Il est d’abord présenté comme un richissime expatrié qui vit en Amérique du sud. Il y mène grand train. Il a un excellent crédit et distribue des pourboires princiers et autres gratifications. Pratiquement tout le monde y a droit. Audrey Hepburn, qu’on ne verra que quelques secondes, va remercier ce protecteur généreux par un chaleureux baiser. Les grands personnages de la ville le saluent bien bas. On se demande bien qui il peut être et pourquoi il agit avec tant de prodigalité. Il en fait manifestement un peu trop.
L’étrange bonhomme incarné par Guinness va à présent raconter toute son histoire, depuis une table de ce grand restaurant au Brésil (*)
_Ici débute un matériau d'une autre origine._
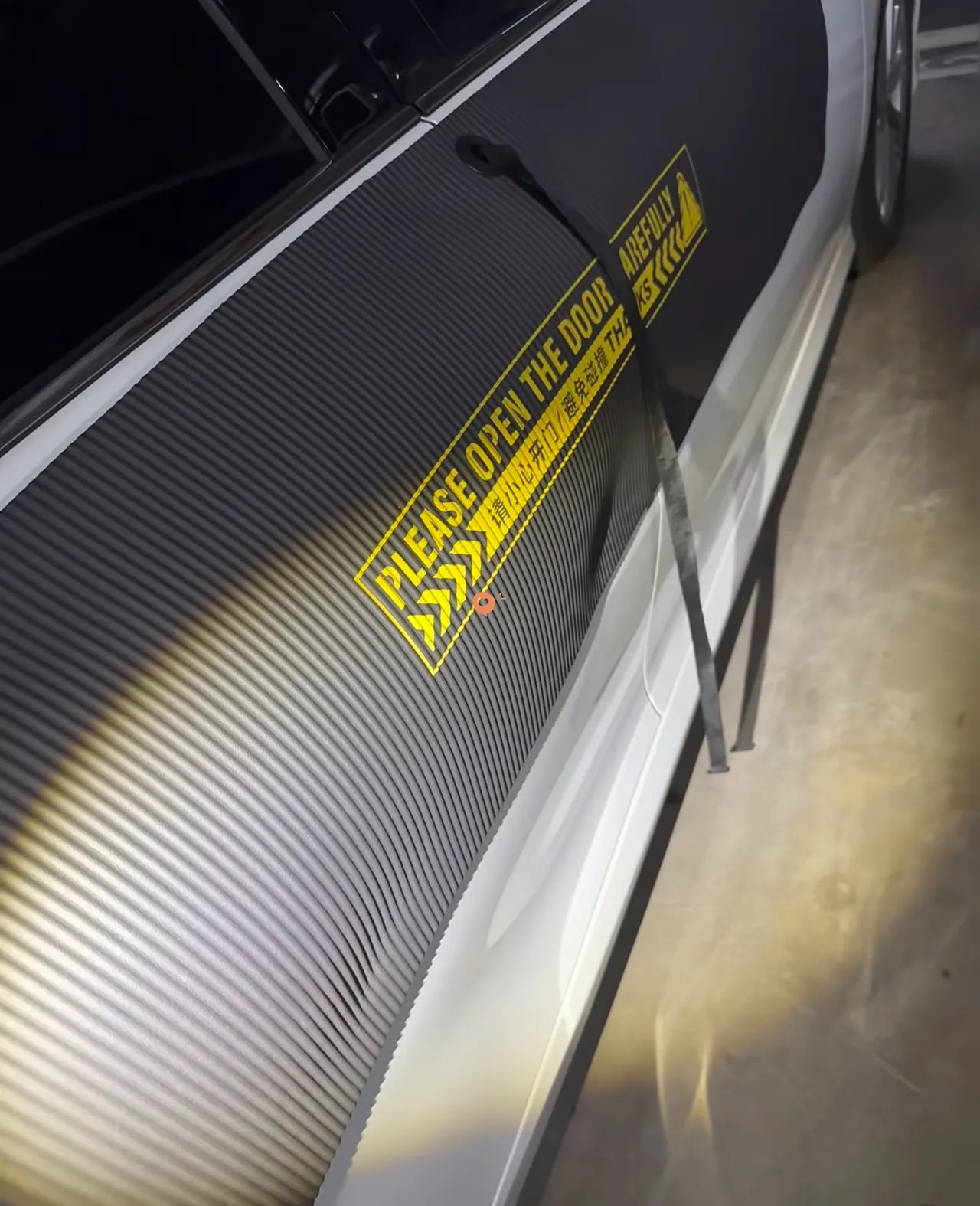 邻居总开门磕我车门，沟通多次毫无改善，我只能每次停车都给车做防护，稍不注意就多道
Alors qu’il n’était qu’un tout petit employé chargé de suivre la fonderie et le transport de l’or de sa banque à Londres, il a mûri un projet de vol de grande envergure.
- Tiens, c’est quand même étrange et imprudent qu’il raconte ce grand secret, aussi ouvertement, à une nouvelle connaissance !
Pour nous fair plonger dans l’action, je passe en mode « présent » :
Apparemment, il n’y a pas dans cette entreprise de personnes plus honnêtes que lui. Son abnégation, doublée d’insignifiance, sont presque devenues gênantes. Au point que la hiérarchie va le « forcer » à accepter une augmentation. Il a su se forger patiemment une image au dessus de tout soupçon. Ça vaut de l’or.
Le plan consiste à faire voler par des complices un fourgon plein de lingots. Lui et deux de ses sbires, vont parvenir à envoyer balader, un court moment, le chauffeur et son assistant. Une histoire de prétendu pneu crevé pour l’un. Et pour l’autre une incitation à sortir pour faire des vérifications quant à un véhicule supposé les suivre. Alec, qui est dans le véhicule, sera faussement agressé et ficelé, de manière à conforter son « innocence ».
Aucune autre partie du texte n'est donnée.